Il y avait pourtant des ombres à ce tableau. Si, en Europe occidentale, le choix de l’Ouest libre paraissait évident, il s’accompagnait toutefois dans certains pays d’un parti communiste puissant, certes voué à demeurer dans l’opposition comme étant davantage à l’est qu’à gauche selon le mot du socialiste Guy Mollet. Par ailleurs, les dictatures anticommunistes étaient tolérées parce qu’étant bien à droite et à l’ouest. Hors de l’Europe, ce manichéisme, cette vision westernienne s’estompaient. Une dictature militaire sud-américaine est-elle préférable à une dictature communiste, Pinochet à Castro ? Si le réalisme à la Kissinger le pensait, beaucoup de voix s’élevaient contre. De même les guerres néocoloniales pour imposer des régimes pro-occidentaux contre un mouvement de libération nationale d’inspiration marxiste étaient de plus en plus contestées par les belles âmes occidentales, compagnons de route ou idiots utiles du communisme.
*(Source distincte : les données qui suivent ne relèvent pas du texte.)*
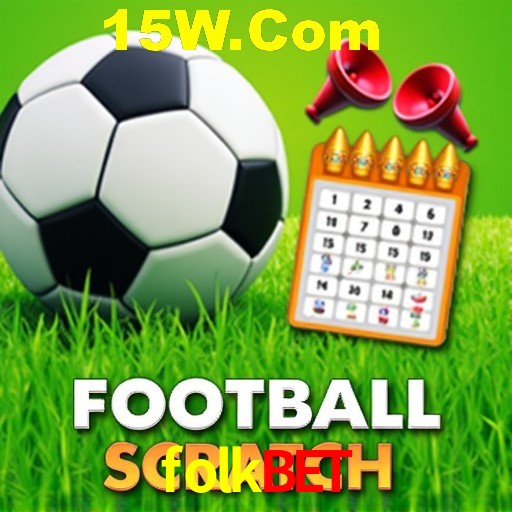 Estatísticas Esportivas folkbet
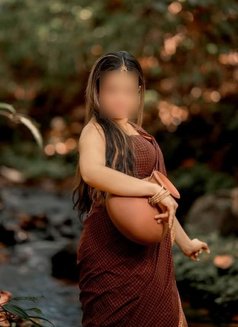 Anjali Independent - escort in Colombo Photo 3 of 5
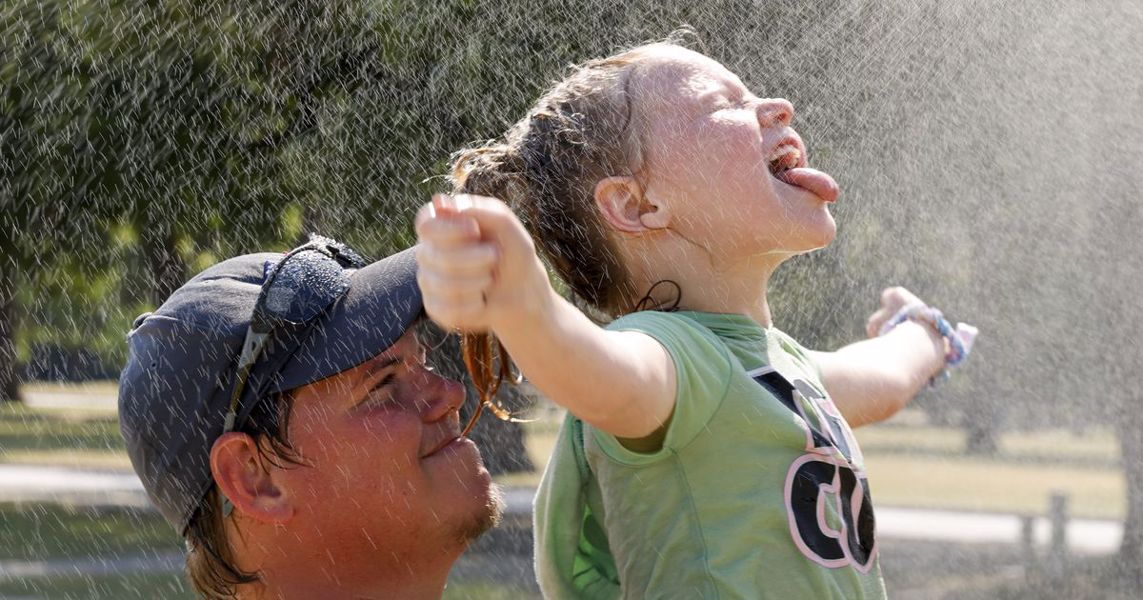 dallas-fort-worth-has-already-hit-several-100-degree-days-in-june-is-that-normal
Entre 1974 et 1980, un déséquilibre se produit en faveur du bloc communiste : les Américains sont battus au Viet-Nam, les Portugais abandonnent leurs immenses colonies africaines, l’empereur d’Ethiopie est renversé, et partout des régimes marxistes s’installent. Enfin, le Shah d’Iran est chassé du pouvoir au profit cette fois d’un nouvel ennemi de l’occident, l’islamisme, en l’occurrence chiite. Dans le paysage binaire de la guerre froide, surgit une troisième force, religieuse, l’Islam. Sur le grand échiquier planétaire, le Moyen-Orient et le monde arabe, plus généralement, sont dominés depuis 1947 par la présence d’un nouvel Etat, Israël, dont la taille est sans proportion avec son importance symbolique, celle du peuple juif, l’une des deux sources de la civilisation judéo-chrétienne, et peuple martyr du nazisme, d’abord plutôt soutenu par les soviétiques contre les monarchies arabes, puis démocratie occidentale, figure de proue du camp du bien, implantée au milieu des dictatures nationalistes arabes et des monarchies musulmanes, si l’on excepte le Liban. Victime de la folie criminelle des nazis, puis de la haine des Arabes, Israël prenait place au premier rang du camp occidental, comme protégé privilégié des Etats-Unis, dont le grand allié dans la région était paradoxalement le royaume d’Arabie saoudite porteur du salafisme wahhabite, et donc grand ennemi d’Israël.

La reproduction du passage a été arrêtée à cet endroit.